Menurut para pemohon, Pasal 473 ayat (2) tidak membuka ruang perselisihan hasil berupa perselisihan ambang batas dan Calon Anggota DPR, DPRD Provinsi, dan DPRD Kabupaten/Kota terpilih.
"Sedangkan Pasal 474 ayat (1) hanya membuka ruang perselisihan hasil pemilu diajukan oleh partai politik peserta pemilu, namun tidak memberikan peluang calon anggota DPR, DPRD Provinsi, dan DPRD Kabupaten/Kota mengajukan langsung tanpa harus meminta tandatangan ketua umum dan sekretaris jenderal," kata Ramdansyah.
Para pemohon juga mendalilkan Pasal 523 UU Pemilu tidak tepat bila merujuk Pasal 280 ayat (1) huruf j UU Pemilu.

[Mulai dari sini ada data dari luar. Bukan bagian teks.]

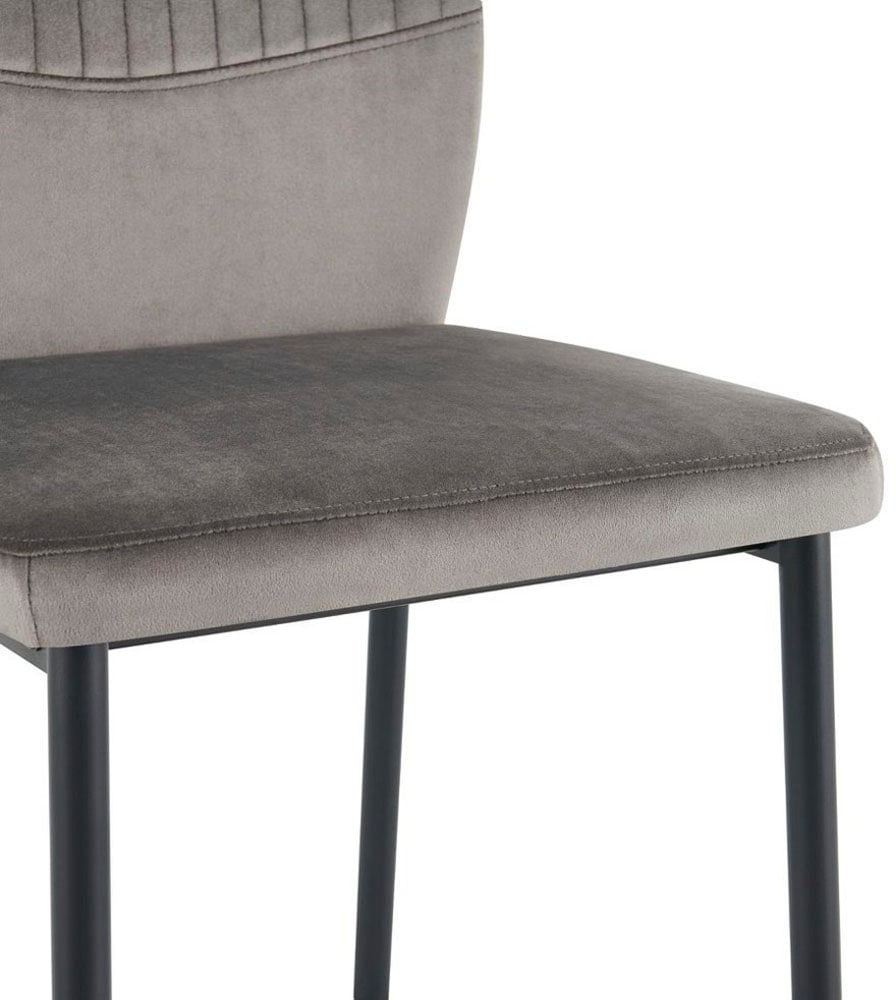 OTTO home Esszimmerstuhl »Nora, 4er-Set« (Set) 4 Stk.moderne Samtstühle mit Kontrastnähten und schwarzem Metallgestell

Ramdansyah berpendapat bahwa Pasal 280 ayat (1) huruf j UU Pemilu tidak mengatur spesifikasi peristiwa pidana yaitu menjanjikan atau memberikan dalam konteks kepemiluan.
"Akan menjadi sesat apabila peristiwa menjanjikan atau memberikan uang atau materi lainnya kepada peserta kampanye tidak dalam konteks kepemiluan bisa dijerat dengan sanksi pidana pemilu," kata Ramdansyah.
Selain itu, para pemohon juga berpendapat bahwa tidak teoat bila Pasal 488 UU Pemilu merujuk Pasal 203 UU Pemilu, karena Pasal 203 UU Pemilu tidak menjelaskan pengisian daftar pemilih dan hanya mengulang unsur Pasal 448 UU Pemilu.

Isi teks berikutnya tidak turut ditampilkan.